Sadly, you can't trade food around in civ3.
 
You can sort of trade food around: build workers in high-food cities and then merge the workers into low-food cities. The low-food city will still need to have enough food supply to support the population added to it, but it does speed up growth immensely.

This tactic can be so powerful that it can border on exploitive.

-Sirp.
 
Originally posted by Hygro
well, by hills I assume you mean mountains (as hills don't support gems). What food giving terrain is there other than the hills? If its plains/grasslands, then irrigate it all, and the put railroads in it later for more irrigation. Or, you could pack you cities denser to work more squares.

Sadly, you can't trade food around in civ3.

Well, it was about 60/40 mountains and hills with only two plains to grow from. The city was already at max population so adding workers to it would just starve them to death :eek:
 
Yes - but you can add two workers per turn for example and only one will die. This will allow you to have a city that is as large as you want. I think the record is several thousand by Bamspeedy.

It is regarded as a banned exploit in competition games.
 
Adding workers into starving cities no longer works (they got rid of this in a patch), so no more size 9600+ cities! You could add as many workers per turn as you could build. Each city (except the super city) could produce a worker every other turn or few and join them into the super city. And this is the tactic that is banned in all competition games.

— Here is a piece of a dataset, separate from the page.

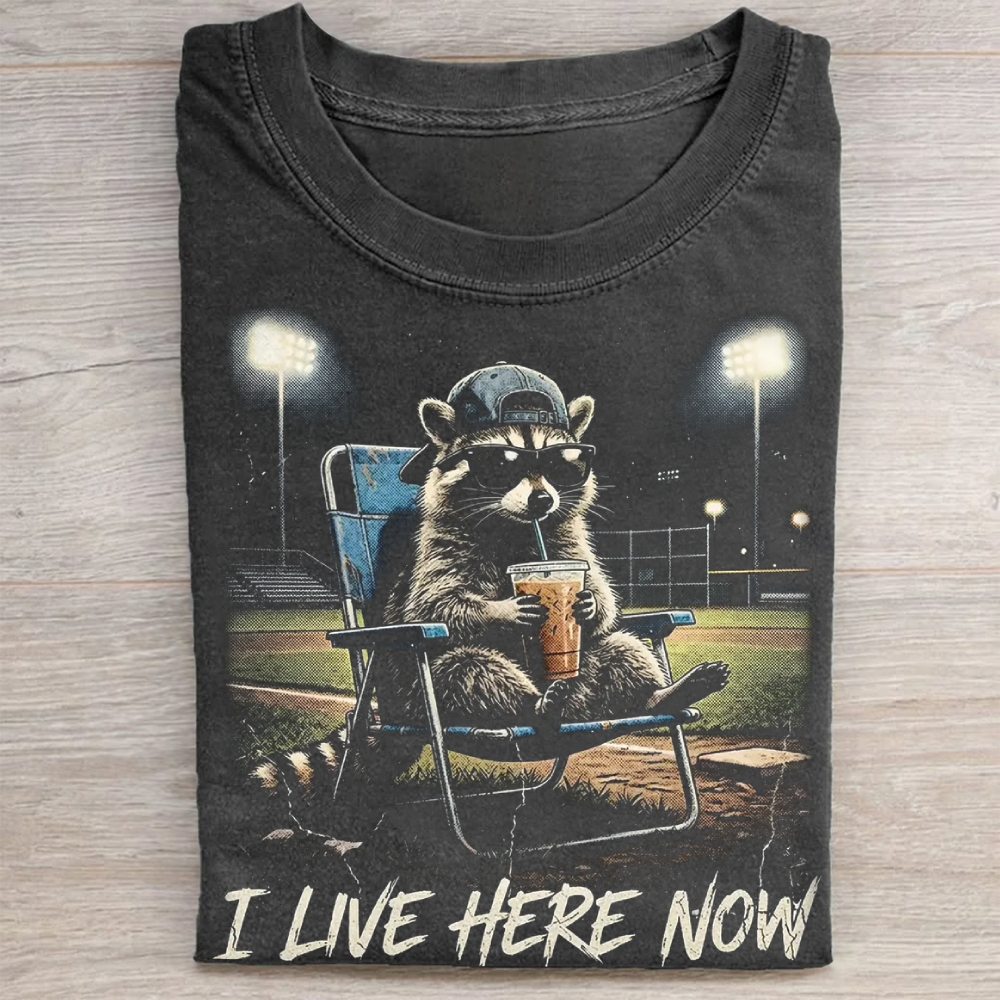 "I Live Here Now" Raccoon Baseball Field Vintage Washed Tee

You can however add workers to a city just to speed up it's growth, like Sirp was stating. Cities that are high in food (or all those 1-shield high corrupt cities), can build workers to join into the high production (but low on food) cities, to get these cities to be powerhouses much quicker. Many players don't have much of a problem with this, but there are a few (mainly from the RBE crew) that think it is exploitive, since the AI would never do this, among other reasons.
 
Sailorstick-could you post a screenshot? Sometimes it is best to build a city on the border of the mountain range, so you have more grassland/plains to irrigate, so you can work more of the mountains (especially after railroads). If there is a big block of mountains, I build on both sides of it, so there is usually enough grassland/plains to irrigate to work most, if not all of the mountains. I almost never build directly smack dab in the middle of a mountain range, unless the mountain range is just too large to build cities around it (and colonies aren't feasible).
 
Yes - I slid together two ideas. You cant increase city size indefinitely any more but you can sustain an all mountain city at maximum size working every tile by adding workers each turn. I've seen some truly awesome production from an iron works city under those circumstances.

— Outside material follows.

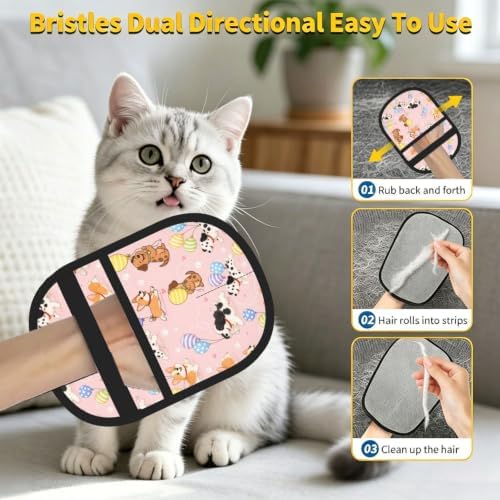 Pink Dog Palying Pet Hair Removal Glove Brush Hair Remover Tool for Carpet - Image 6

In the tournament the rule is that you cant add workers to a starving city ie one that is already red.
 
In PTW, you can't possibly add workers into a city that is starving (population number is red). The 'join' option does not come up.

I thought they had also eliminated this in vanilla civ3 1.29, but maybe they didn't. I guess you could keep adding 1 worker into a city every turn just to get 1 more tile out of the city, but that doesn't amount to too much.
For example, you have -zero growth- or just +1 food, then join 1 worker, and you are now starving, so you can't join any more workers.
 
I'll check Bam but I thought under vanilla civ31.29 you can add - but I may well be wrong and this loophole has hopefully been closed.
 
It's funny how all the cities in your civ can share resources by being connected by roads, but not share food. Time to resurrect the Caravan. This would be so useful not just in Sailorsticks mining town, but also to enhance desert and tundra cities as well.
 
A size 9 city isn't so bad. In my currnt game, I have a city nestled in the mountains. Only two grassland tiles nearby, plus the one it sits on. It's maxed out at 9/10 population, but with the Iron Works inside, it is the most productive city in my empire.
 
A size 9 city isn't so bad. In my currnt game, I have a city nestled in the mountains. Only two grassland tiles nearby, plus the one it sits on. It's maxed out at 9/10 population, but with the Iron Works inside, it is the most productive city in my empire.
 
Originally posted by Leovigild
A size 9 city isn't so bad. In my currnt game, I have a city nestled in the mountains. Only two grassland tiles nearby, plus the one it sits on. It's maxed out at 9/10 population, but with the Iron Works inside, it is the most productive city in my empire.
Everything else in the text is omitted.